Quel que soit le sort que connaîtront ces listes, si elles peuvent régler la question de leur financement (3 à 4 millions de francs - cela « parle plus que les euros - nécessaires par circonscription !), elles posent une question à laquelle Attac n’a pas à répondre en tant que structure, car nous ne sommes pas et ne devons pas devenir un parti, mais qui peut informer notre réflexion : la question, pour certains de nos militants, du prolongement directement politique de notre action, au-delà de nos pratiques actuelles. Pourquoi faut-il nous la poser ? Tout simplement parce qu’elle se pose.

Il ne s’agit pas ici pour moi de traiter une question devant faire l’objet d’un débat qui sera nécessairement long. Je risquerai certaines hypothèses :

- L’histoire et le simple bon sens enseignent que les formations patentées se réclamant de la gauche, et qui entendent le rester, verront apparaître des concurrents si leur offre ne correspond pas à la demande.
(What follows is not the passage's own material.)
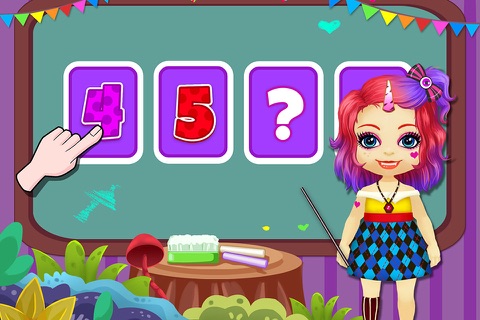 ABC Center: My Learning Monster - Preschool & Kindergarten Kids Game screenshot 3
- Attac a plus que jamais son rôle à jouer en France, en Europe et dans le monde dans son profil actuel, qui est celui dans lequel se reconnaît la majorité des adhérents.

- Si un nouvel « objet » politique né de l’intérieur de l’association devait voir le jour dans les années à venir (et les listes « 100 % » sont l’un des symptômes d’une volonté d’engagement complémentaire à celui d’Attac), il devrait se bâtir en toute indépendance d’Attac, sans rapport organique, et certainement pas dans la dialectique syndicats-partis sociaux-démocrates du Royaume-Uni, de l’Allemagne et des pays nordiques. Une référence plus pertinente serait le rôle joué par les mouvements de jeunesse et d’éducation populaire catholiques dans la formation des futurs cadres du syndicalisme agricole français.
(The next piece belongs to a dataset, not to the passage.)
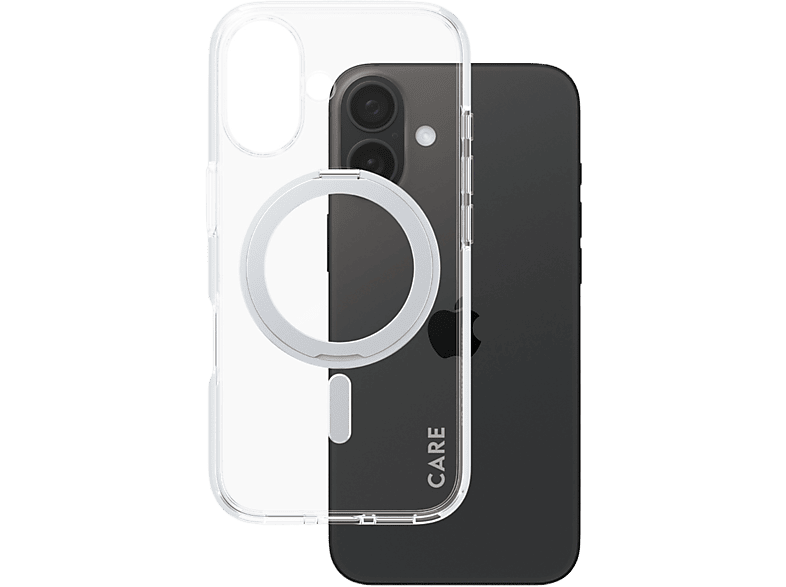 PANZERGLASS Care Feature Case mit Kickstand & MagSafe, Backcover, für ...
5.- Au CA, structurer un débat nécessaire

La convocation d’un conseil d’administration extraordinaire d’Attac, le 15 mai, peut être la pire ou la meilleure des choses.

La pire des choses si, passant à côté des vrais enjeux, certains veulent le transformer en tribunal, en tentative de déstabilisation de la direction élue ou en affirmation implicite que certains membres du CA sont plus égaux que d’autres. De tels projets, s’ils existent, me paraissent par avance totalement voués à l’échec, mais ils nuiraient indiscutablement à l’association. Celle-ci s’en remettrait cependant car l’immense majorité des adhérents individuels ne se reconnaîtrait pas dans ces manoeuvres.

La meilleure des choses si le problème de fond qu’est le rapport à l’engagement politique est abordé franchement par chacun(e), de manière à structurer un débat nécessaire à tous les niveaux d’Attac. Je conviens volontiers que la question ne se pose pas dans les mêmes termes chez les membres dits actifs et chez ceux qui représentent une organisation devant veiller au respect de ses propres équilibres internes. Cela implique certainement des clarifications réciproques, mais n’autorise personne, individu ou structure, à prétendre couler Attac dans le schéma qu’il affectionne. Attac vit !

J’espère, je pense même, que, passant outre à quelques réactions à chaud, tous les membres du CA se montreront, le 15 mai, à la hauteur de leurs responsabilités.